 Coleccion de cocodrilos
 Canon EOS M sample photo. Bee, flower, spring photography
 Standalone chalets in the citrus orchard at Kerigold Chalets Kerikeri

--

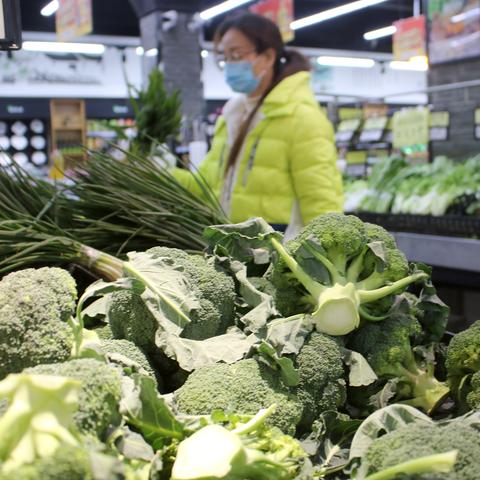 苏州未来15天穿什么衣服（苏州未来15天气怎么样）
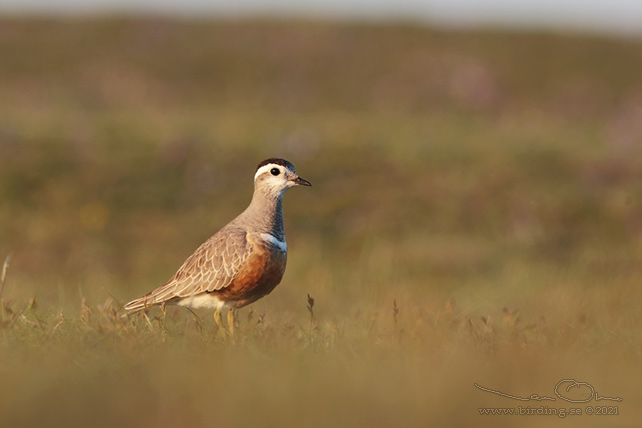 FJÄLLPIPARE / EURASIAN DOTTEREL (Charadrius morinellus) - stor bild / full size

- _TASK DIRECTIONS_:
Every line above between the one containing "苏州未来15天穿什么衣服（苏州未来15天气怎么样）" and the one containing "FJÄLLPIPARE / EURASIAN", those two included, is to be printed exactly. No pictures go into the copy.

- _EXERCISE ANSWER_:
 苏州未来15天穿什么衣服（苏州未来15天气怎么样）
 FJÄLLPIPARE / EURASIAN DOTTEREL (Charadrius morinellus) - stor bild / full size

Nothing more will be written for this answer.